AbstractThe apprehension, confiscation and in most cases destruction of approximately 2000 Indonesian fishing boats for breaches to Australian fishing regulations since 1980, has arguably been one of the most taxing aspects of Australia’s bilateral relations with Indonesia. Together with the influx in refugee arrivals by boat onto the Australian coast, the media representations of these ‘illegal’ vessels constitute a major element of the visible history of Australia’s relations with one of its nearest neighbours.

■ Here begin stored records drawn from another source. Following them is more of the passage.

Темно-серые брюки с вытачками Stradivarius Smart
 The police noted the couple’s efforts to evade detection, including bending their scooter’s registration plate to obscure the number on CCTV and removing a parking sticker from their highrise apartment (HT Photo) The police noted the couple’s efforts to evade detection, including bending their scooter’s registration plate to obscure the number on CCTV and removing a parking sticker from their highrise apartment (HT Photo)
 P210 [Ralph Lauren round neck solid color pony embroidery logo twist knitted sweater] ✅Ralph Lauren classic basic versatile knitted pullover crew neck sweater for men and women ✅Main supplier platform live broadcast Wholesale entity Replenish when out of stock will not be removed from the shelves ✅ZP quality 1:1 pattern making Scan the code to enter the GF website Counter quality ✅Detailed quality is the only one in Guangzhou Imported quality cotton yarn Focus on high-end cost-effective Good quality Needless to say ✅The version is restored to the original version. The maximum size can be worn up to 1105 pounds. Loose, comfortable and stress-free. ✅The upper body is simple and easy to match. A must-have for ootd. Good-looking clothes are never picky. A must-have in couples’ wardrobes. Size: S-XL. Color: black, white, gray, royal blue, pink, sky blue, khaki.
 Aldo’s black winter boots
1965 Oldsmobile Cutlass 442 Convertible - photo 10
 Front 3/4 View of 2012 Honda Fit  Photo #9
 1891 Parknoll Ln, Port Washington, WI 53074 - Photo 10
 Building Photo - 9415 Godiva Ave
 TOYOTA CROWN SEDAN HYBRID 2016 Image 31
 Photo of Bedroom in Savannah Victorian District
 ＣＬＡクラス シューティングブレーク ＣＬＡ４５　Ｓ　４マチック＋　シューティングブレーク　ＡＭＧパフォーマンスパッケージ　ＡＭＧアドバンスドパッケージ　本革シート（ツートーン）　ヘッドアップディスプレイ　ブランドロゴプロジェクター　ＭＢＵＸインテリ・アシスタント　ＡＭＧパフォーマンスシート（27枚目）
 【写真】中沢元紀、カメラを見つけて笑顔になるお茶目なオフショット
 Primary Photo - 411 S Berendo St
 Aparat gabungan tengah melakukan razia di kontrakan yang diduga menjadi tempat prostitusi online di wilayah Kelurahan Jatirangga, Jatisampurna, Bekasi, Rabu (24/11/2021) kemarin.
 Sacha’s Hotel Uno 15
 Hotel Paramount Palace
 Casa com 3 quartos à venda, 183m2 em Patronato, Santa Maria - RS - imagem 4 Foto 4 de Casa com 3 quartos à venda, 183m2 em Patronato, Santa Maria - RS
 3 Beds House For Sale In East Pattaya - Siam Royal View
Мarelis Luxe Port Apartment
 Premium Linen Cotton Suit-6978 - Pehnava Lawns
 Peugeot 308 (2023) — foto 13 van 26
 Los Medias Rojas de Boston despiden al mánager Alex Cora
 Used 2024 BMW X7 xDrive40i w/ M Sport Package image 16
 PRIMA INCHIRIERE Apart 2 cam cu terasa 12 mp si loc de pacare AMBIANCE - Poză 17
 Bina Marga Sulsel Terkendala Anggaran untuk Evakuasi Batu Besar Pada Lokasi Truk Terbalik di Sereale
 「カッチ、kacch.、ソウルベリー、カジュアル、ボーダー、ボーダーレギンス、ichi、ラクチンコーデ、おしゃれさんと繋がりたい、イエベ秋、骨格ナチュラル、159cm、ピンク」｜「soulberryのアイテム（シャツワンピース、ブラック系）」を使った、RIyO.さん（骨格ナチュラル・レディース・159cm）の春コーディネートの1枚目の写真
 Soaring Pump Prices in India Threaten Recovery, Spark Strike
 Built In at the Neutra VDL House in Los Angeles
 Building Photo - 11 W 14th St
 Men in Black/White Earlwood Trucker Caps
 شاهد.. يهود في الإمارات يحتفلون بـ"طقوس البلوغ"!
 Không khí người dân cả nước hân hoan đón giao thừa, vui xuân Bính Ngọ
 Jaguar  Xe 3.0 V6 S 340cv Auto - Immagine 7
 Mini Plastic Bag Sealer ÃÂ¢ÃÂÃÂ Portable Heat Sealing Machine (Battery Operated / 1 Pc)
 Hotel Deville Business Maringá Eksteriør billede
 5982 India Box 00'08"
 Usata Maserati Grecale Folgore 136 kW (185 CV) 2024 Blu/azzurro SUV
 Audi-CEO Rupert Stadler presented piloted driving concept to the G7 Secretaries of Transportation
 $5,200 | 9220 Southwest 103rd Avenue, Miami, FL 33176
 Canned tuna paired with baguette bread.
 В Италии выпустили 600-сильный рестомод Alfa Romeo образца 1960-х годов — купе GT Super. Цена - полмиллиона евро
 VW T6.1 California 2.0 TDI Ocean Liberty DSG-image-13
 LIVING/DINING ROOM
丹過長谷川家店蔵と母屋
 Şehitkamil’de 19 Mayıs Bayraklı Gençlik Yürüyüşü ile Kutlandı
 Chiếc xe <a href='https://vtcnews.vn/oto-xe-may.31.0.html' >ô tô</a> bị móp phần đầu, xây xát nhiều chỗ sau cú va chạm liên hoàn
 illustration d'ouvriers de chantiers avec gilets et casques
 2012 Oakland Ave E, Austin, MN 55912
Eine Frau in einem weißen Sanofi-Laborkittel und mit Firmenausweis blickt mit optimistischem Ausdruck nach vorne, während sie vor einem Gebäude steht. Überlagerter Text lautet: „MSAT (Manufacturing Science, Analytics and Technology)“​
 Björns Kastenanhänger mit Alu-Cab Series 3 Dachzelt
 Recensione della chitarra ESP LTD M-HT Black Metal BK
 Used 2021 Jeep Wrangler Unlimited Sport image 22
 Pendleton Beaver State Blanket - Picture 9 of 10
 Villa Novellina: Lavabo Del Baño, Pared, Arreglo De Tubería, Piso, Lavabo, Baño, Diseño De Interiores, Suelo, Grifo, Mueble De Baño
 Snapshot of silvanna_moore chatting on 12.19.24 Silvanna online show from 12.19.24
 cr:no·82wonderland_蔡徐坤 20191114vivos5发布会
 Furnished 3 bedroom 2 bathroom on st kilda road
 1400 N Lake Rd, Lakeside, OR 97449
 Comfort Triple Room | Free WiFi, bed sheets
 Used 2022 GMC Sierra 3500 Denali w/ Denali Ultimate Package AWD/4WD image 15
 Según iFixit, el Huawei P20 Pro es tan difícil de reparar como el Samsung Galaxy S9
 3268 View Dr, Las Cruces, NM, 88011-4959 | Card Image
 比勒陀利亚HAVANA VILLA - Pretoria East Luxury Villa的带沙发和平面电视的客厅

Against this broad background of geo-politics, border protection and diminishing marine resources, this thesis explores the histories and transformative processes entailed in the apprehension, acquisition and display of three fishing boats that escaped destruction and found their way into the permanent collections of three Australian museums. Previous studies of Indonesian boats have usually focused on architectural, technological, or economic perspectives. This study is the first of its kind to look at Indonesian boats and their significance as museum objects. Using a case study approach, the ethno-histories and provenance of the three sloops, or perahu lambo as they are known in Indonesia, are researched and examined. Their museum histories, the process of acquisition, transformation and display are also described, in order to better understand their significance as artefacts that have entered the museum environment from their largely unknown ‘lives’ in eastern Indonesia.
This thesis, therefore, examines some of the implications these boat histories have for current museum debates on curatorial practice, acquisition, display and the question of significance and ultimately what justifies their continued existence in museum collections.